Bourbon and Bacon Steamed Mussels


  • 2 lbs. Prince Edward Island (PEI) mussels
  • 8 slices bacon
  • 1 T. unsalted butter
  • 1 clove garlic, minced
  • 1/4 c. minced shallot
  • 1/3 c. water
  • 1/2 c. bourbon
  • 1/4 tsp. kosher or sea salt
  • 1/8 tsp. pepper
  • 1/4 c. chopped fresh parsley


  1. Rinse fresh PEI mussels under tap water. Tap any mussels that are still open and discard those that do not close after being tapped and rinsed. If any have the sticky wiry membrane referred to as a “beard” remaining (most will not, but you may see one or two), remove the beard by grasping it between your thumb and forefinger and pulling firmly until it comes out; discard beard. Set mussels aside.
  2. In a large saucepan, cook bacon over medium to medium-high heat until crisp. Remove bacon from pan and set aside on a paper towel-lined plate to drain. Once drained and cooled, crumble bacon slices.

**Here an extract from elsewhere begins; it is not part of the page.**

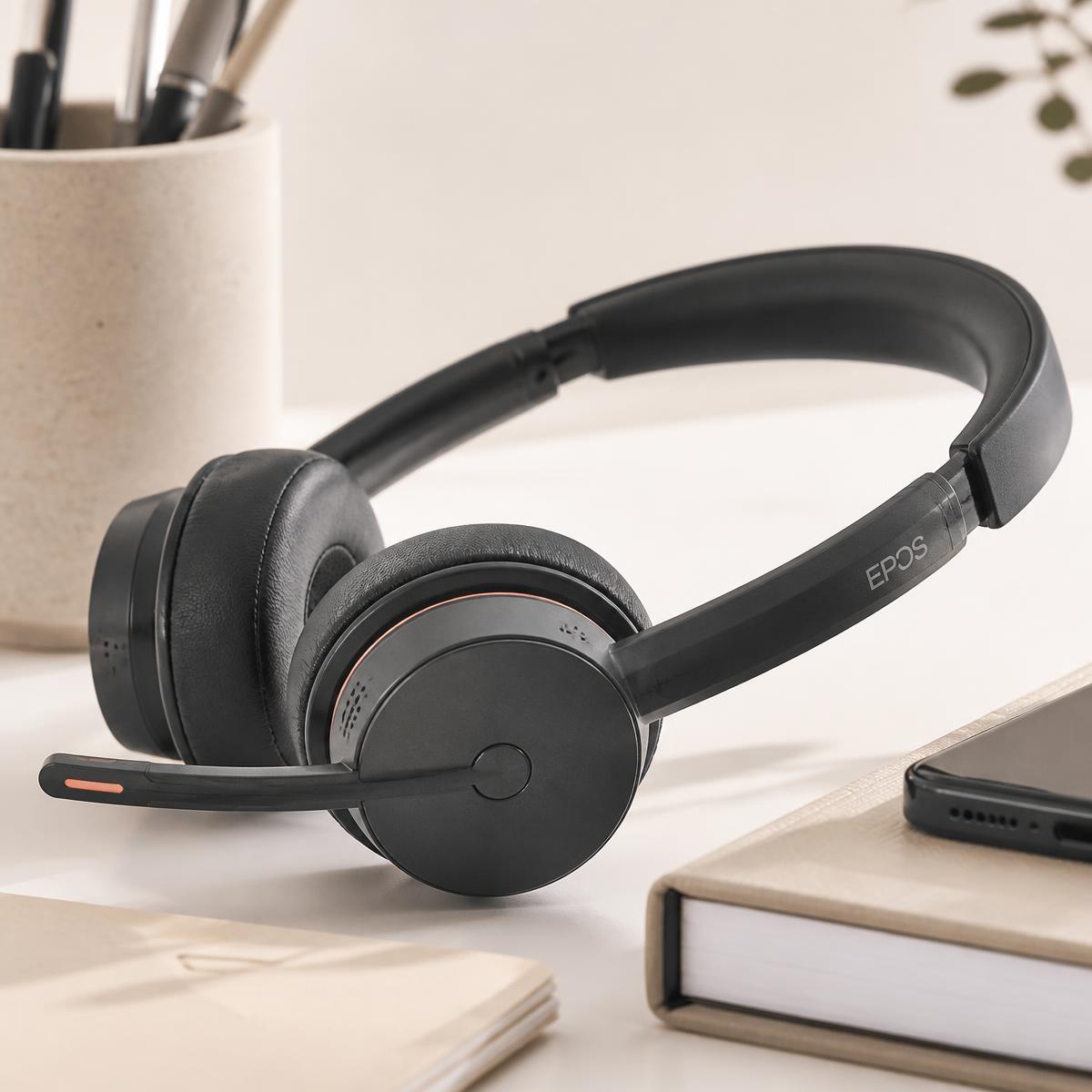Professionellt headset på ett ljust skrivbord – vi ringer kalla samtal varje dag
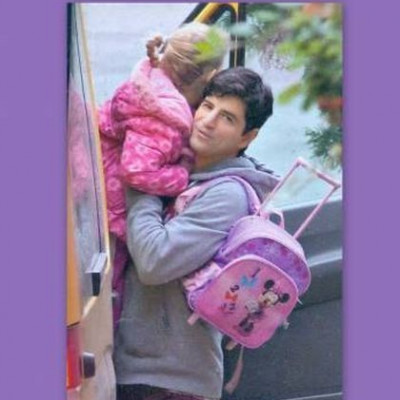 Σάκης Ρουβάς: Με την τσάντα Μίνι Μάους και την… Αναστασία!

  3. Leave about 2 tablespoons bacon fat in the bottom of the saucepan; drain the rest of the fat. Add butter to the bacon fat in the pan. Add shallots and garlic and saute over medium heat until softened, about 3 minutes.
  4. Add water, bourbon, salt, pepper, and parsley. Bring to a boil over medium-high heat.
  5. Add PEI mussels. Cover and cook for 4-7 minutes or until the mussel shells open, gently shaking the pot a couple of times during cooking to move the mussels around.
  6. Remove from heat, sprinkle with crumbled bacon, and garnish with additional chopped fresh parsley if desired.
  7. Serve with crusty bread to soak up the bourbon-mussels broth.